● **Exercise goal**
All of the data should be output character for character, except the pictures.

● **Material provided**
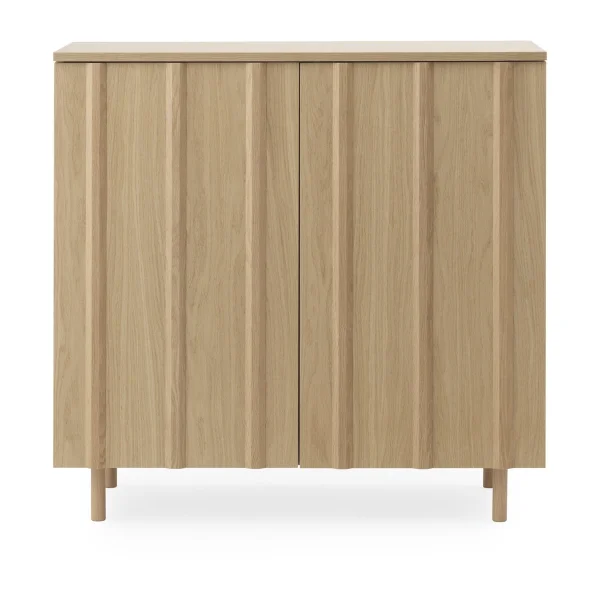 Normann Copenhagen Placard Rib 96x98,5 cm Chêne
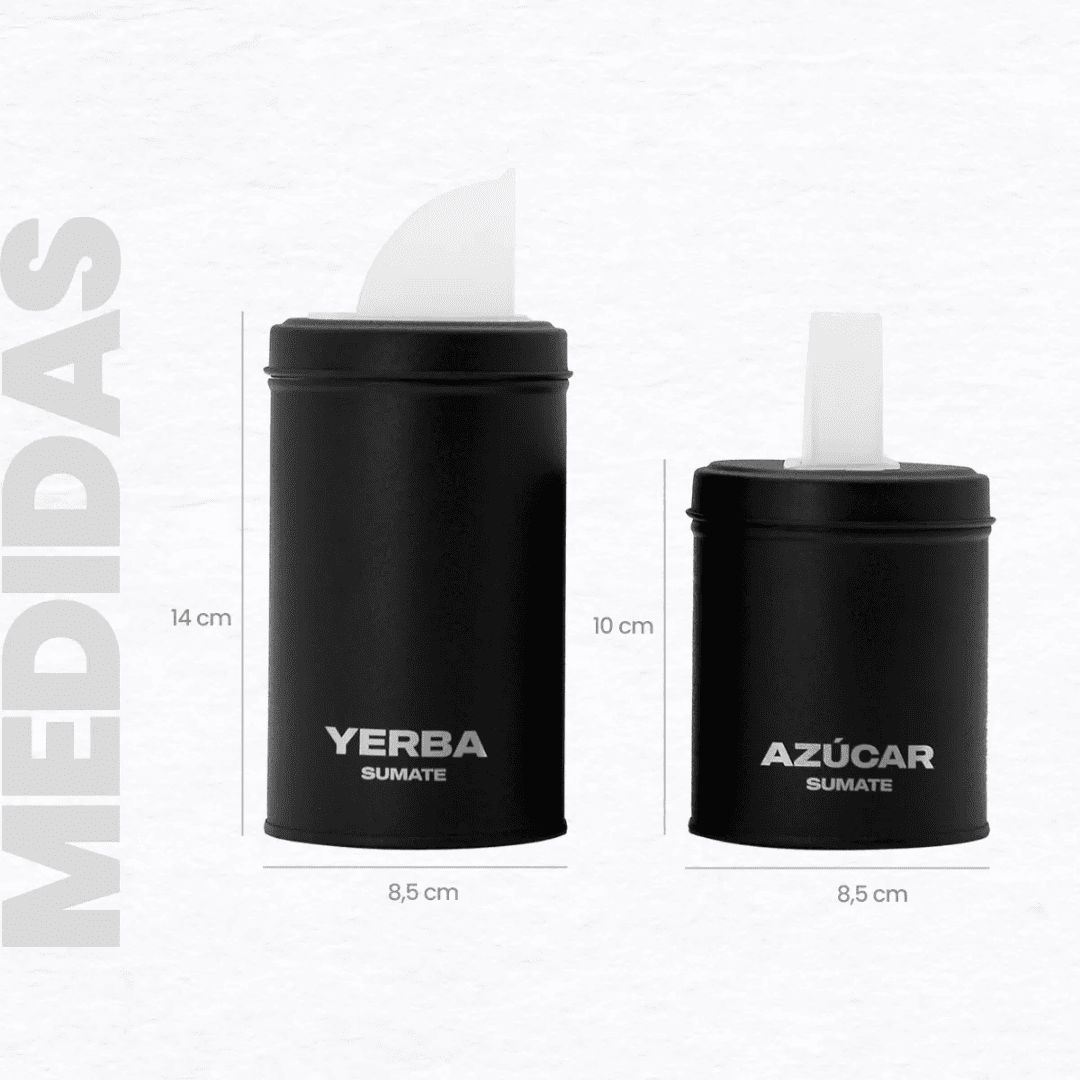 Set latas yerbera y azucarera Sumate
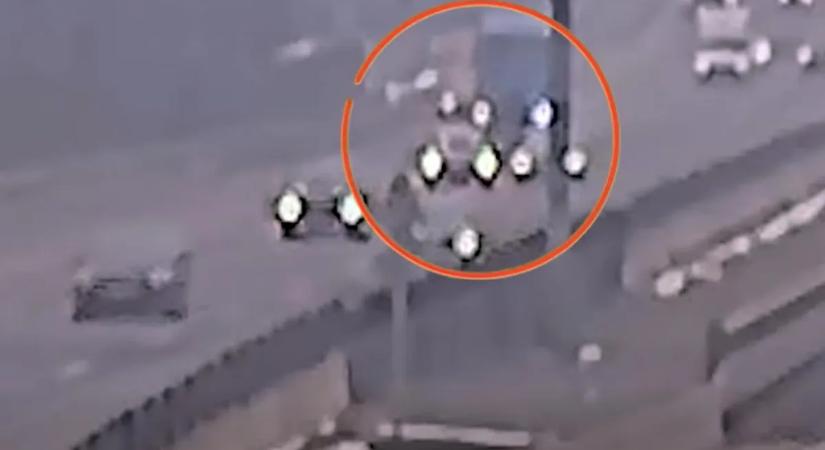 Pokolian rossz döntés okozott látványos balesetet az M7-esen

● **Completed exercise**
 Normann Copenhagen Placard Rib 96x98,5 cm Chêne
 Set latas yerbera y azucarera Sumate
 Pokolian rossz döntés okozott látványos balesetet az M7-esen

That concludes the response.